Зубачев идею не одобрил — неразведанный прорыв мог привести только к полному уничтожению и без того малочисленного гарнизона[857]. Но заместитель командира полка по хозяйственной части, капитан Зубачев не мог приказать начальнику школы младшего комсостава старшему лейтенанту Бытко. Бытко продолжал готовить прорыв, наметив его на 11 вечера — пробиваться решили через Северные ворота.
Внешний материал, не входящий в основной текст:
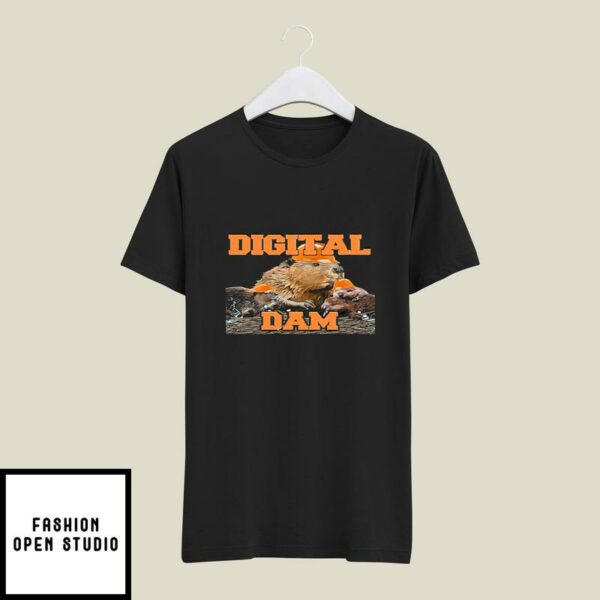 He’s A Builder Digital Dam T-Shirt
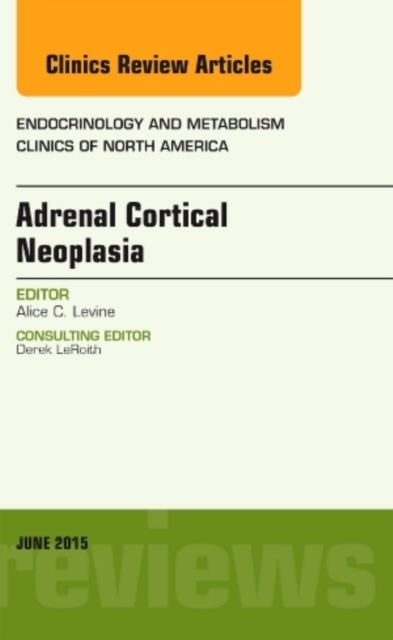 Adrenal Cortical Neoplasia, An Issue of Endocrinology and Metabolism Clinics of North America : Volume 44-2, Hardback Book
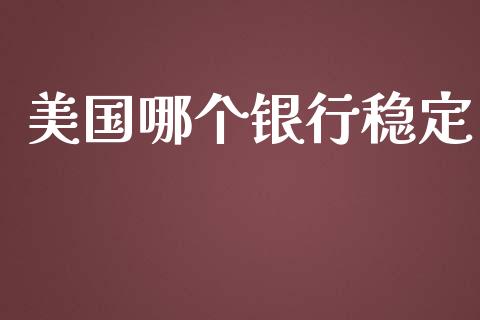 美国哪个银行稳定_https://m.jnlaobingbanjia.com_股市新闻_第1张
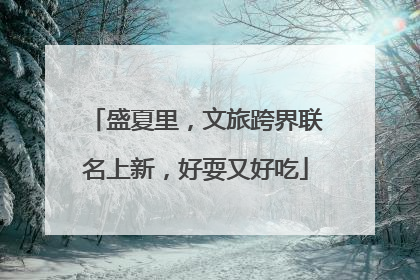 盛夏里，文旅跨界联名上新，好耍又好吃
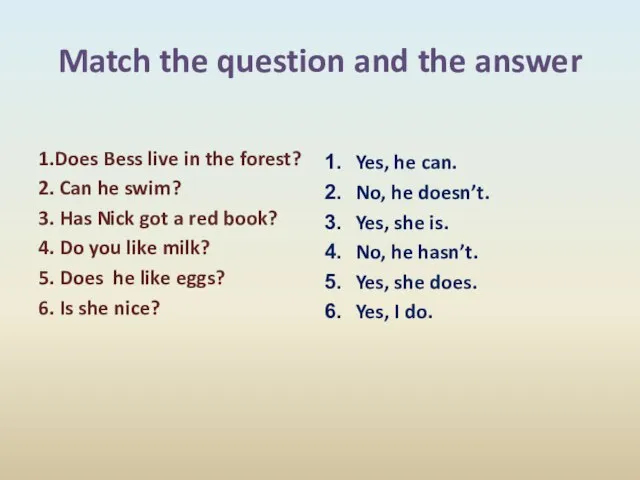 Match the question and the answer 1.Does Bess live in the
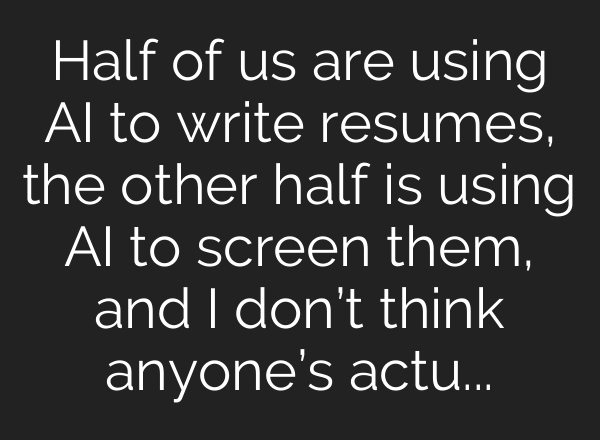 Half of us are using AI to write resumes, the other half is using AI to screen them, and I don’t think anyone’s actually looking at people anymore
…Весь день Иван Долотов лежал с остатками своей группы в парке между церковью и казармой 33-го инженерного, запихивая голову между корнями деревьев. Так они надеялись переждать обстрел из окон столовой своей же части. Сейчас, когда между деревьев начала сгущаться пахнущая дымом темнота, группа Долотова, передохнувшая за день, но и испытывавшая нестерпимую жажду, все-таки добралась до казармы. «Мы возвратились к себе с последними ругательствами — „виданное ли дело стрелять по своим!“. Но здесь узнали новость — за стенкой, в помещении столовой, немцы — они-то и стреляли»[858].
Теперь стало понятно, почему Долотов и его бойцы приняли их огонь за стрельбу собственного подразделения — над столовой находился штаб 33-го инженерного полка, откуда и велась стрельба по церкви, прикрывая атакующих ее бойцов.
К моменту возвращения Долотова дежурный по его (мостовой) роте в ночь на 22 июня, сержант Лерман решил взять на себя задачу по штурму столовой, набрав в группу таких же, как он, добровольцев.
Высокий, красивый парень, с вьющимися черными волосами, всегда неунывающий и немного разбитной, сержант Лерман был евреем, откуда-то с юга, возможно, из Одессы. Его ближайшим помощником стал красноармеец из 75 орб. Долотов не знал его фамилии: «По виду он имел очень характерную внешность монгольского типа, отличающуюся от окружающих и даже от наших казахов и узбеков. У него было желтоватое матовое красивое лицо, прямые черные волосы. Еще до войны между собой мы его называли „Корейцем“»[859].
Лерману и Корейцу удалось собрать 25 человек[860] — с этим небольшим отрядом они и пытались штурмом взять столовую. Ворваться в нее можно было со стороны двора Цитадели или, наоборот, — со стороны Мухавца, в обоих случаях подвергаясь обстрелу с фланга. Сквозного прохода сквозь все здание, как уже говорилось, не было — столовую отделяла от бойцов 33-го инженерного стена метровой толщины. Ее расположенные на первом этаже окна были заделаны железными решетками[861] — оставался единственный путь, через двери, выходящие во двор. Хотя если бы защитники различных участков были как-то связаны между собой, то взять столовую можно было и со стороны Трехарочных, от 455 сп — с той стороны ее двери выходили в проем ворот.